Ich habe in Deutschland noch nie eine überlastete Verwaltung erlebt, eher das Gegenteil! Solange in Behörden und Kommunen Bürger täglich miterleben müssen, dass in Ihrer Gegenwart die privaten Belange sowie Arbeitsmethoden der 60er Jahre Standard sind, sollte man endlich mal der Wahrheit ins Auge schauen und diese Methoden bekämpfen! Es ist immer wieder unbegreiflich und pervers, dass die steuerzahlenden Bürger der privaten Wirtschaft sich von Politik und Verwaltung erzählen lassen müssen wie zu Knechten haben aber selbst sich täglich im Tal der Glückseligen sonnen! Kein Betrieb der privaten Wirtschaft und vor allem kein Angestellter in diesen würde diese Chancen verschlampen, außer er würde gern das Risiko eingehen auf die Straße gesetzt zu werden bzw. seinen Betrieb gegen die Wand zu setzen! Aber solange der Steuerzahler der dumme ist, der immer wieder die Zeche für diese Schlampigkeit trägt und nicht die dieses verschlampt haben, solange wird dieses Bürokraten-System leistungsmäßig sich nicht als vergleichbar mit der Privatwirtschaft betrachten können!!! Ergo, dieses Behörden-Personal ist einfach überbezahlt und nicht mehr zeitgemäß.
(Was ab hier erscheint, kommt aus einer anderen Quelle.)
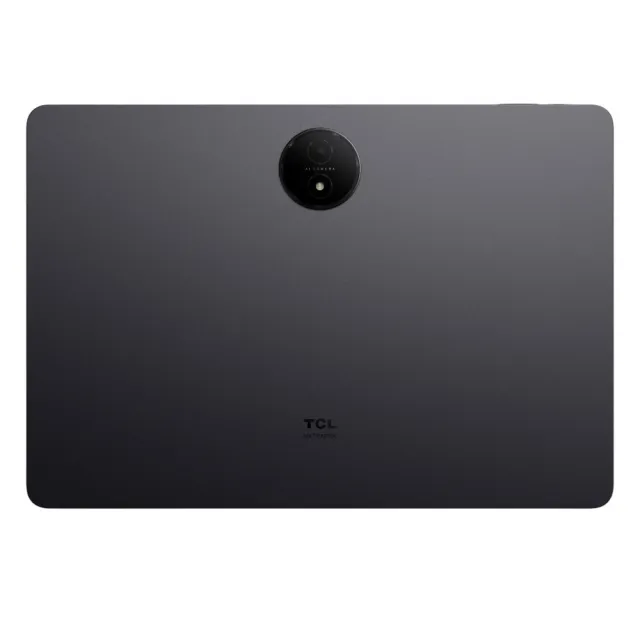 【TCL】NXTPAPER 14 14.3吋 8G+256G WiFi 全彩未來紙螢幕護眼平板電腦(贈原廠TPU保護殼)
kleinsteminderheit 14.10.2016
5. Fördergelder gibt es nicht umsonst
Die meisten Förderprogramme sind mit erheblichen Eigenleistungen der Kommunen verbunden. Und genau hier liegt das Problem. Gerade die Kommunen, in denen der dringendste Förderbedarf besteht, haben mittlerweile Schuldenberge, welche nicht mehr den Spielraum lassen, um die bisweilen erheblichen Eigenanteile zu stemmen. Viele müssen ihre Haushalte mittlerweile von der Aufsichtsbehörde genehmigen lassen. Planung und Antragstellung sind nicht die Engstelle, zumal diese Arbeiten ggfs. Von Dienstleistern übernommen werden. Die Mischfinanzierung staatlicher Aufgaben ist einer der Gründe, warum es bei Kinderbetreuung und Bildung ständig klemmt.